# Ping i200 stiff or regular shaft



## kmaultsby (Aug 6, 2017)

I have been looking at ping i200 for awhile. I am a little weird I learn how the play golf with Wilson Staffs back in the seventies over the years playing different sets of clubs it seems every time I go to game improvement clubs I play worst. My handicap is around fifteen and I was thinking game improvement clubs will help me but it gets worse. I playing Titleist AP1 and they fill like shelves. Today I hit the Taylormade M1 Mizuno forge balance JPX 900 Taylormade p770 and the Ping i200. The club that had the smallest dispersion was the i200's.

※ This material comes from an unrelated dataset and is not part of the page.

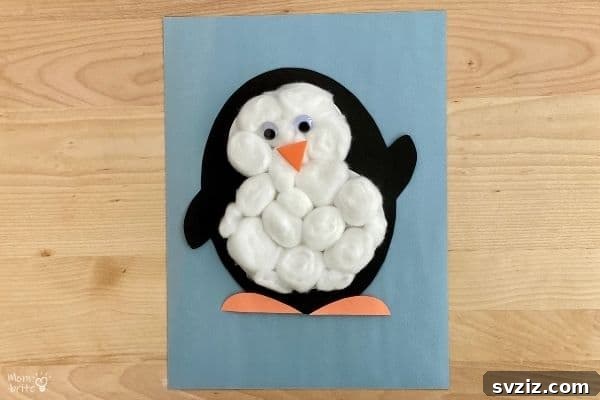 A charming cotton ball penguin craft with googly eyes, perfect for young children to create.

The shaft was the stock AWT 2.0 stiff shaft. 
My question is should I go with the stiff or regular shaft?
Here are my numbers.

7 iron

My average numbers 
club head speed 74.3 
ball speed 101mph
launch angle 24.6
side spin 315 L rpm
backspin 3463
Total spin 3501
peak height 31 yards
average Carry 145.33
Total distance 159.42
offline 2 yards


----------



## rainorshinegolf (Sep 20, 2017)

You should fit right into the stiff shaft category, but there are some other factors outside of these numbers, most importantly, tempo. Just try the stiff shafts out and if they dont have enough feel or forgiveness, then you would probably benefit from a regular shaft.


----------